Under a motion to dismiss for failure to state a claim upon which relief can be granted, this Court is to accept the factual allegations in the complaint as true and construe them in the light most favorable to the plaintiff. “A complaint should not be dismissed for failure to state a claim unless it appears beyond doubt that the plaintiff can prove no set of facts in support of his claim which would entitle him to relief.” Conley v. Gibson, 355 U.S. 41, 45-46, 78 S.Ct. 99, 2 L.Ed.2d 80 (1957); see also Roy v. Augusta, Maine, 712 F.2d 1517, 1522 (1st Cir.1983). The Court takes judicial notice of its own case files and procedures as part of this analysis since “judicial notice may be taken at any stage of the proceeding.” Fed. R.Evid. 201(f). Cf. Beddall v. State Street Bank and Trust Co., No. 97-1666, 1998 WL 73027, at *3-4 (1st Cir. Feb.27,1998).

FACTUAL BACKGROUND

Piacentini avers that on June 2, 1993 he was taken to a crime scene for a witness identification. At the crime scene, the witness identified Piacentini as the perpetrator. Following this eye-witness identification, the Defendants, who were at the crime scene, handcuffed and placed Piacentini in a state police vehicle. Then, they conducted a National Crime Information Computer check and a Missing and Wanted Persons check and determined that Piacentini was a state parolee. Piacentini avers that despite his fingerprints not being found at the crime scene and his own protestations that he could provide an alibi, the Defendants did not conduct further inquiries at the crime scene or about his alibi. Instead, upon learning that Piacentini was a state parolee, the Defendants concluded that he was the person responsible for the crime. Plt.’s Complaint ¶ 16. After his arrest, Piacentini learned that the witness had misidentified him, as he did not match prior or subsequent descriptions of the alleged perpetrator. Despite this fact, Piacentini avers that the Defendants conspired to deny him a fair trial because he was a state parolee. In furtherance of this conspiracy, he alleges that the Defendants initiated the criminal prosecution knowing probable cause was lacking, failed to follow standard police investigation procedures, and failed to disclose exculpatory evidence to the prosecutors.

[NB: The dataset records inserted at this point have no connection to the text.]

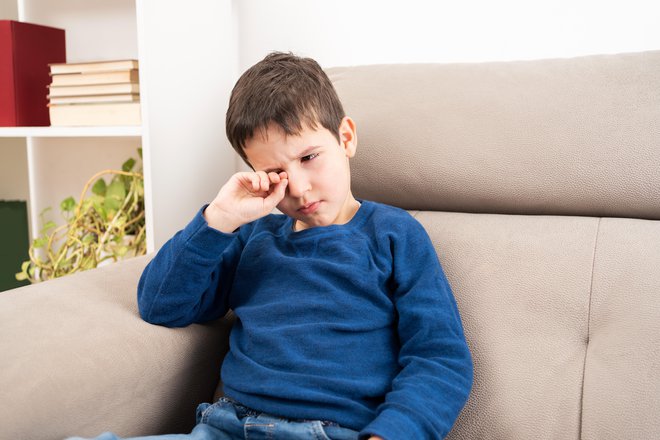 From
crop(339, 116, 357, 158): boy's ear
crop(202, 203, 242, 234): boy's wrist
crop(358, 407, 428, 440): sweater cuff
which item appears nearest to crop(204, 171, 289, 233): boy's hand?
crop(202, 203, 242, 234): boy's wrist

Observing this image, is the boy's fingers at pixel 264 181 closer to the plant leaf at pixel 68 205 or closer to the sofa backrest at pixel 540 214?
the sofa backrest at pixel 540 214

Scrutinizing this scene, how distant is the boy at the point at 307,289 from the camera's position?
37.3 inches

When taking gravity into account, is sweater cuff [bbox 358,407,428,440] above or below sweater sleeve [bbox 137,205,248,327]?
below

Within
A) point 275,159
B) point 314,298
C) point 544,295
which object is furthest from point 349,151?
point 544,295

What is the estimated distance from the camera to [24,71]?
6.16ft

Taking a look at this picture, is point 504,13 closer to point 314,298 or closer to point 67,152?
point 314,298

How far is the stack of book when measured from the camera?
164 cm

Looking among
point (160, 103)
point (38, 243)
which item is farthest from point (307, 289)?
point (38, 243)

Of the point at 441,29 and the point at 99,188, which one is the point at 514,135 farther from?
the point at 99,188

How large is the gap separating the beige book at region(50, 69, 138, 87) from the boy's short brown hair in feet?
2.06

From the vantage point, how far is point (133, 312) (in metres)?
1.09

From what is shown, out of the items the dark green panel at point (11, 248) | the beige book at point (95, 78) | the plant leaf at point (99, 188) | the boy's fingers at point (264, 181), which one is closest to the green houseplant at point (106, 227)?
the plant leaf at point (99, 188)

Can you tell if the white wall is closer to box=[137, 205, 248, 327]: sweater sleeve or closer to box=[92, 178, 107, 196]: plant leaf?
box=[92, 178, 107, 196]: plant leaf

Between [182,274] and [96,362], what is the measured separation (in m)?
0.18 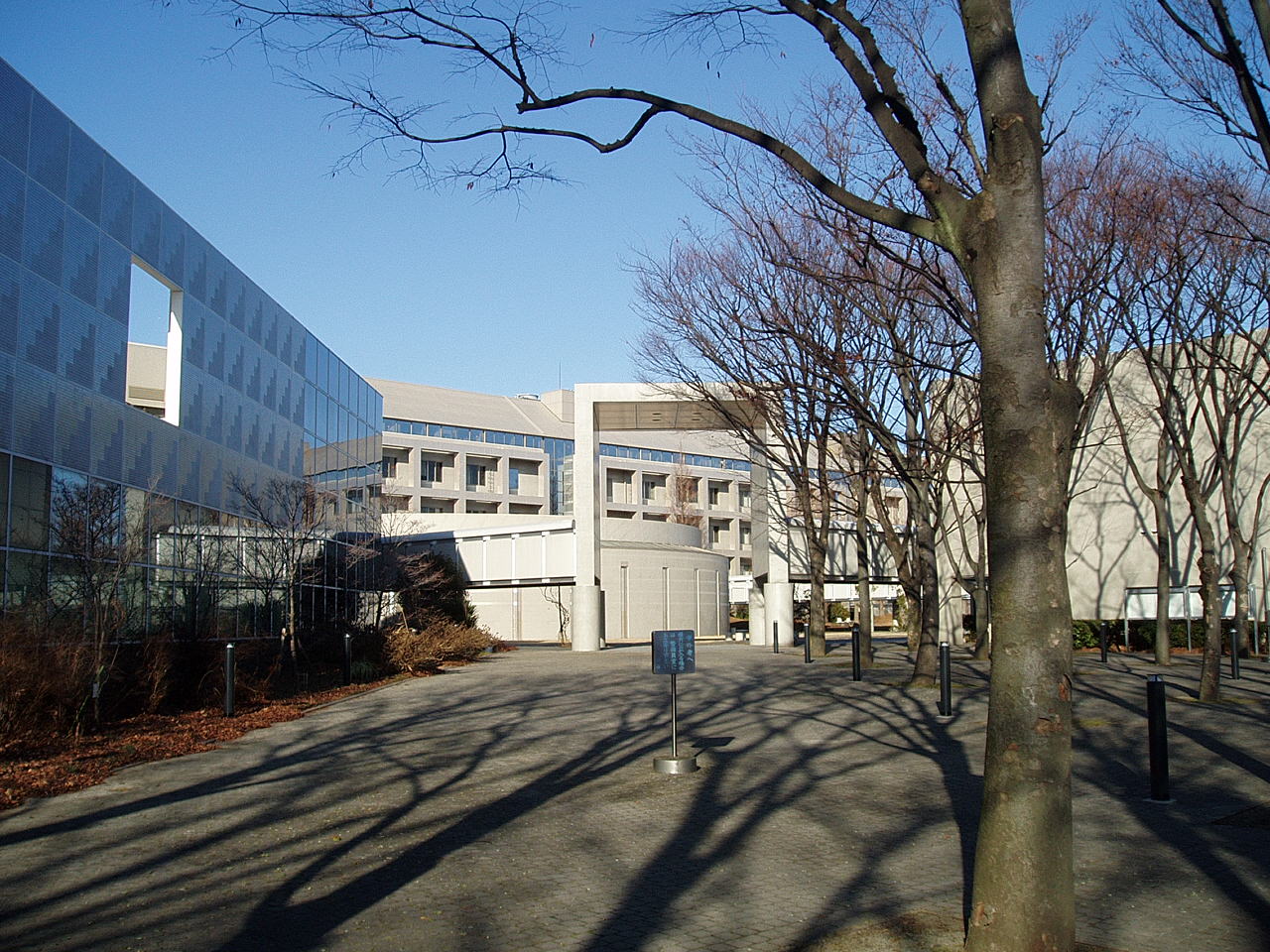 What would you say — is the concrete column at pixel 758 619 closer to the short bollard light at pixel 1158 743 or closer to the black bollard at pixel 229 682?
the black bollard at pixel 229 682

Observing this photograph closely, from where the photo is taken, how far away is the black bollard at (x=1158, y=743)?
30.5ft

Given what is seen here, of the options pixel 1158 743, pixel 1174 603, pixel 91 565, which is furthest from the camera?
pixel 1174 603

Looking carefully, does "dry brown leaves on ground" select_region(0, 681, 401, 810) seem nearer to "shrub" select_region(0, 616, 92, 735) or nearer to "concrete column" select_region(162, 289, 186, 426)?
"shrub" select_region(0, 616, 92, 735)

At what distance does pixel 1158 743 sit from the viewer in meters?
9.41

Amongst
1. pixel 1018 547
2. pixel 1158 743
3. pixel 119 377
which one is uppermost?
pixel 119 377

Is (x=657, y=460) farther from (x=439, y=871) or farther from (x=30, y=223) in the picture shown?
(x=439, y=871)

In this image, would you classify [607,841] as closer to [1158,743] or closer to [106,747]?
[1158,743]

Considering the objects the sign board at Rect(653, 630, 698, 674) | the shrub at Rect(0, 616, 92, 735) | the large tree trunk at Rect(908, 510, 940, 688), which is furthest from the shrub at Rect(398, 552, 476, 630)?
the sign board at Rect(653, 630, 698, 674)

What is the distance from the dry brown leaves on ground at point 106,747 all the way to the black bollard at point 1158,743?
9.53m

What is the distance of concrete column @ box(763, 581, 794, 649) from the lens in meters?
39.1

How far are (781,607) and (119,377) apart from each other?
80.7 ft

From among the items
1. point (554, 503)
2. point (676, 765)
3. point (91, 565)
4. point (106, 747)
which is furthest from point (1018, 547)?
point (554, 503)

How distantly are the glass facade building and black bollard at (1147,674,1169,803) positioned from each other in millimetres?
14849

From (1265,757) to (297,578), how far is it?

On June 3, 1996 Piacentini’s Complaint 1 , a Motion to Proceed In Forma Pauperis, and a Motion for Appointment of Counsel was received by the clerk of this Court. On October 21,1996, upon the granting of his Motion to Proceed In Forma Pauperis, the Complaint was docketed. See Docket Entry No. 6. As a general rule, the date of filing is the date these documents were received by the clerk of the court. The fact that the administrative procedures of this Court do not docket and record as filed a complaint filed with a motion to proceed in forma pauperis until that motion is allowed does not alter the date the document is received for statute of limitations purposes.

DISCUSSION

1. Statute of Limitations

The Defendants aver that Piacentini’s section 1983 claim is time-barred. Federal law does not provide a limitations period for section 1983 claims. Courts, therefore, borrow the statute of limitation provision for personal injury actions of the state where the action is filed. Wilson v. Garcia, 471 U.S. 261, 276-80, 105 S.Ct. 1938, 85 L.Ed.2d 254 (1985). In Massachusetts, the statute of limitation for personal injury actions is three years. Mass. Gen. Laws ch. 260, § 2A. This period commences “when the aggrieved party knows or has reason to know of the injury which is the basis for his action or when facts supportive of a civil rights action are or should be apparent to a reasonably prudent person similarly situated.” Rodriguez Narvaez v. Nazario, 895 F.2d 38, 42 n. 5 (1st Cir.1990). Here, the parties do not dispute that the date of accrual is June 2, 1993. Therefore, to have a timely cause of action, *89 Piacentini had to file his federal claim by June 2,1996.

Because this Court’s subject matter jurisdiction is based upon a federal question, the statute of limitations is tolled when the action has “commenced” pursuant to Rule 3 of the Federal Rules of Civil Procedure. See West v. Conrail, 481 U.S. 35, 39, 107 S.Ct. 1538, 95 L.Ed.2d 32 (1987). According to Fed.R.Civ.P. 3, “a civil action is commenced by filing a complaint with the court.” Rule 5(e) of the Federal Rules of Civil Procedure, which defines what constitutes filing with the court, requires that a complaint be filed with the clerk of the court. Thus, a civil action is. timely if the complaint is filed with the clerk of the court within the limitations period. In this case, the Complaint was given to the prison officials on or about May 29, 1996 and received for filing by the clerk of this Court on June 3, 1996. Piacentini contends that the proper filing date is May 31,1996.

2. Houston v. Lack

In Houston v.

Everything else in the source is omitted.